The People v Lenny Bruce (Cafe Au Go Go Trial) was tried June 16, 1964 to July 28, 1964 in New York City. The Per Curium Opinion of Judge John Murtagh sets the tone. “All three performances of the defendant, Lenny Bruce, were obscene, indecent, immoral and impure within the meaning of Section 1l40-a of the Penal Law. While no tape is available as to the first performance [past midnight, March 31-April 1], this monologue, according to the testimony, was essentially the same as that of the second [April 1, after 10:00 p.m.] and third [April 7, after 10:00 p.m.] performances. In the latter two performances, words such as “ass,” “balls,” “cock-sucker,” “cunt,” “fuck,” “mother-fucker,” “piss,” “screw,” “shit,” and “tits” were used about one hundred times in utter obscenity. The monologues also contained anecdotes and reflections that were similarly obscene.
Dorothy Kilgallen was called as an “expert witness”. In lawyerly fashion, the prosecutor claimed she was not a genuine expert. After her credentials were established, there were questions like “Will you tell us what the artistry, or the social value, or the merit, or the good is, in the Bruce story of sexual intercourse with a chicken?” After the testimony described by Mr. Hentoff, Miss Kilgallen talks about something that does offend her.
Q. I wouldn’t take much time, but we did discuss before Lenny Bruce’s use of the words ‘mother fucker’ at his audience. Can you tell me when James Jones or Norman Mailer or Arthur Miller has called his audience ‘mother fucker?’

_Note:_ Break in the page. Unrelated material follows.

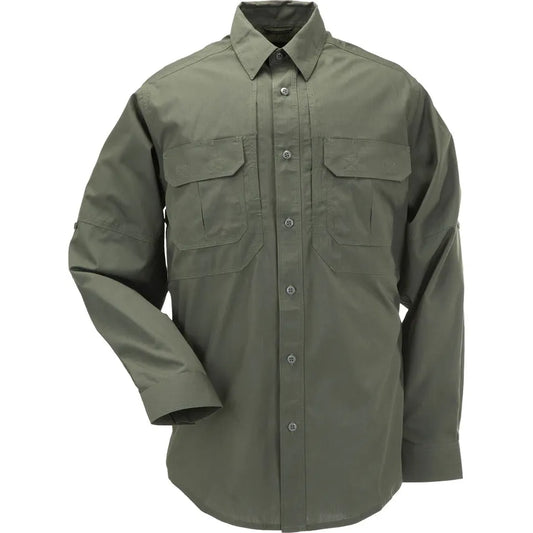 72175 TACLITE PRO L/S SHIRT TDU GREEN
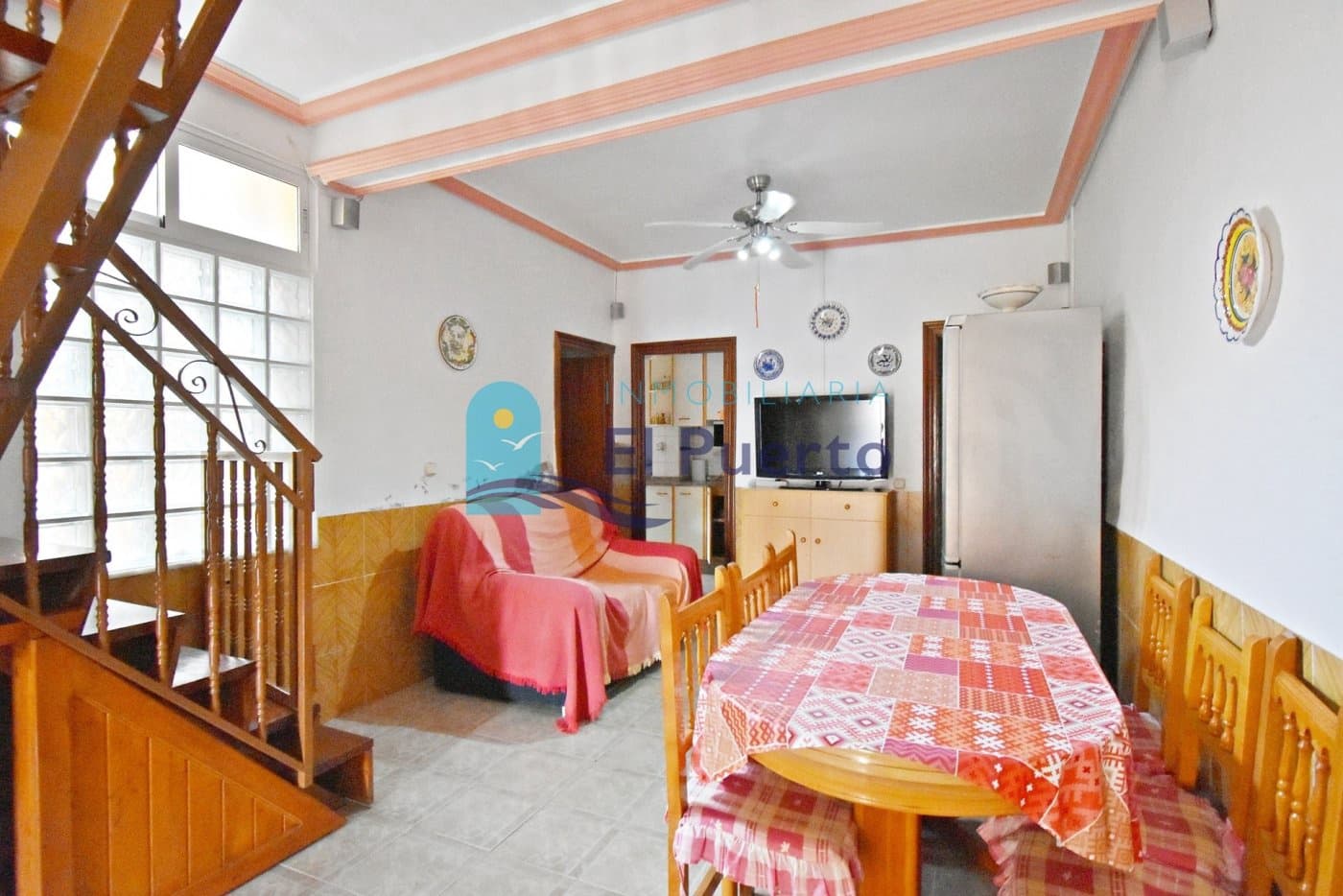 4 Zimmer Apartment zu verkaufen in Puerto de Mazarron - 124.000 € (Ref: 7099504)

Mr. Garbus: Your Honor, may I object? We are talking about books against monologue. It’s completely an irrelevant question.

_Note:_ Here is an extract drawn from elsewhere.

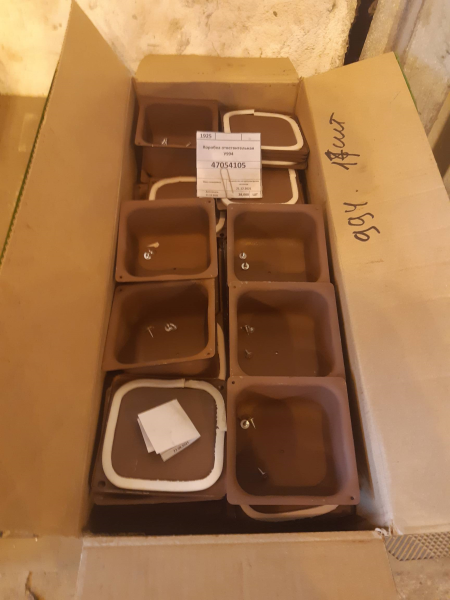 Коробка ответвительная У994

Judge Murtagh: We will allow it. Objection overruled.
A. I can’t tell you anything verbatim from the books, because I read them a couple of years ago or more. I would imagine–this would be my best guess–that they did not call their audiences anything. There’s another book called The Naked Lunch which I couldn’t even finish reading, but it’s published, and I think the author should be in jail and he used–
Q. Unfortunately we can’t do everything at once, Miss Kilgallen. Are you judging the non-obscene quality and the artistic quality of Bruce by the fact that The Naked Lunch is a book which, as of this date, is sold in the community?
A. No, I’m not. I just mentioned it because you asked me for some books.
Q. And The Naked Lunch is a book you found impossible to read, is that correct?
A. Yes, I found it revolting.
Q. What was revolting about it?
A. Just the way it was written.
Mr.Garbus: Objection, your Honor.
Judge Murtagh: Objection overruled.
A. It seemed to use words for shock value, not for any valid reason, and I object to that.
Q. And when Lenny Bruce–I ask you to turn to the April 1st tape . . . and read the portion starting–‘tits and ass, that’s what is the attraction, is just tits and ass and tits and ass’–and goes on all through the page, and ask you if you find some shock value in that?
A. No, I don’t think it’s particularly shocking, it’s just a word.. . .
Q.. Do you, in your column, use the words tits and ass?
A. Never.
Q. You know exactly what Lenny Bruce was talking about?
A. Yes. . . . I think there he’s being critical of the monotony of what is on view in Las Vegas.
Dorothy Kilgallen died November 8, 1965. Lenny Bruce died August 3, 1966. Kilgallen biographer Lee Israel was convicted of selling forged celebrity letters. Nat Hentoff died January 7, 2017. This is a repost. Pictures today are from The Library of Congress. These images are Union soldiers from the War Between the States. The spell check suggestion for Kilgallen: Millennial.